In mr/, there's code to analyze the tax returns using the python MapReduce library MRJob. If you want to use them, you'll unfortunately have to transform the returns from individual XML files to row-delimited files with many returns, like I did. That said:

  • map_xml_schema.py
    • Parses a tax return, finds its paticular version, and maps it to unique XML paths found within that document. That provides a universe of possible queries for when you want to actually pull out information.
  • mr_select.py
    • Takes a set of paths and searches the returns for data matching one of those paths. Returns a mapping of objects where data was found to the data that was found.

Amazon's description of the data:

Machine-readable data from certain electronic 990 forms filed with the IRS from 2011 to present are available for anyone to use via Amazon S3.

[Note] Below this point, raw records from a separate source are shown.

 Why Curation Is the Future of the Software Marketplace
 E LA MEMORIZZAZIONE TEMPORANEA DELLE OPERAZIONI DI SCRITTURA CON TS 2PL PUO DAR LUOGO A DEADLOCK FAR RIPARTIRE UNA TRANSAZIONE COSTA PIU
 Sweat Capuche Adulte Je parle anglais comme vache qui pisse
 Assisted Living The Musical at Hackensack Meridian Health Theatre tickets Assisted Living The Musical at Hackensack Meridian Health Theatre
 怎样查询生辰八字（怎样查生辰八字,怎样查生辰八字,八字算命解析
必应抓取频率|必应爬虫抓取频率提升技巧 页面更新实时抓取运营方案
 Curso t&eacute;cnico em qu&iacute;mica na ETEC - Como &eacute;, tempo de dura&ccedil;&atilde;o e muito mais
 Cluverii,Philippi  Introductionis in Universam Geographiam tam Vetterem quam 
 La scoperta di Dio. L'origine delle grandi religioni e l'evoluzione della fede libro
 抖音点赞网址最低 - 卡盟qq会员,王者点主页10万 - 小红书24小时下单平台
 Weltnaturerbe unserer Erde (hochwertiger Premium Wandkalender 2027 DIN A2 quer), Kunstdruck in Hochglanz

Form 990 is the form used by the United States Internal Revenue Service to gather financial information about nonprofit organizations. Data for each 990 filing is provided in an XML file that contains structured information that represents the main 990 form, any filed forms and schedules, and other control information describing how the document was filed. Some non-disclosable information is not included in the files.

This data set includes Forms 990, 990-EZ and 990-PF which have been electronically filed with the IRS and is updated regularly in an XML format. The data can be used to perform research and analysis of organizations that have electronically filed Forms 990, 990-EZ and 990-PF. Forms 990-N (e-Postcard) are not available withing this data set. Forms 990-N can be viewed and downloaded from the IRS website.